Can You Solve the Keplerian Two-Body Problem in Physics?

[GaleForce]

Alright I'm really stuck on this question. I was wondering if anyone could help:

(a) Show that the total energy (per unit mass) of a particle orbiting in an attractive Keplerian potential V(r) = -GM/r is

E = (1/2)(dr/dt)^2 + (1/2)(J^2/r^2)-(GM)/r

where J = |r x v| is the particle's angular momentum (per unit mass).

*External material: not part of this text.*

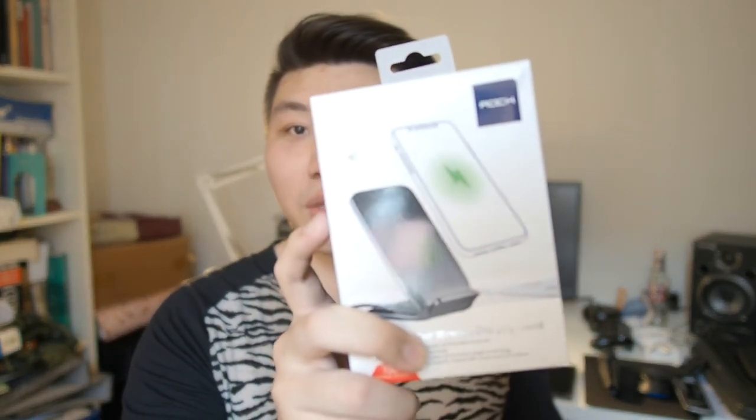Hey, what's up guys. Matt here with Droid Attack, and today I'm going to be bringing you something a little special yet again, which is the W3 wireless charger by ROCK.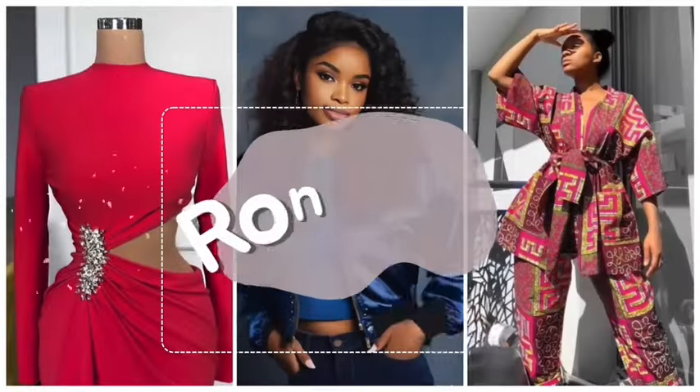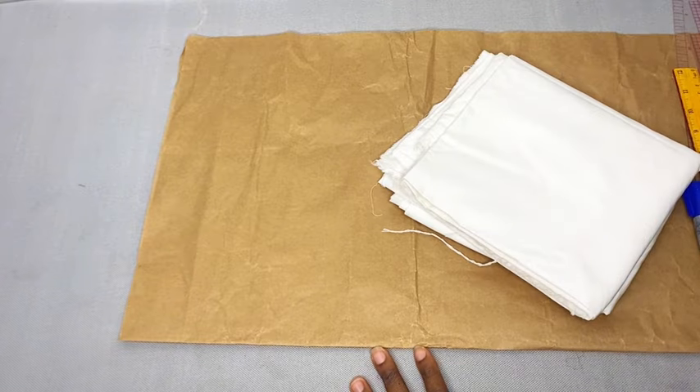If you like what I'm wearing and want to learn how to make this, definitely keep watching. Thank you so much to every single person that has subscribed, shared my videos, and left nice comments. Our channel is now monetized, so every ad running on my channel contributes and pays me. Please try and watch the ads to support the channel. Let me know in the comments if you want to see more of my face at the beginning of the video.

(b) If the particle in part (a) has J =\= 0 and finite energy, is it possible for the particle to reach r = 0? Can the particle reach r = infinity if E < 0? If E > 0? If may help to sketch a graph of 1/2(dr/dt)^2 as a function of r for both E < 0 and E > 0. I have no idea how to even approach the problem. It really doesn't fit in with the rest of the work we've been doing so I'm completely clueless. Thanks if anyone can help out.

 

[Galileo]

a) dr/dt is only the radial part of the velocity vector $\vec v$. Since -GM/r is the potential energy (per unit mass), (1/2)(J^2/r^2) must be the contribution of the tangential component of the velocity to the kinetic energy p.u.m. $\frac{1}{2}\vec v\cdot \vec v$.

So the first thing to do is to separate the vector $\vec r,\vec v$ into their radial and tangential components.

b) What are your thoughts on this one? What can you say if r=0?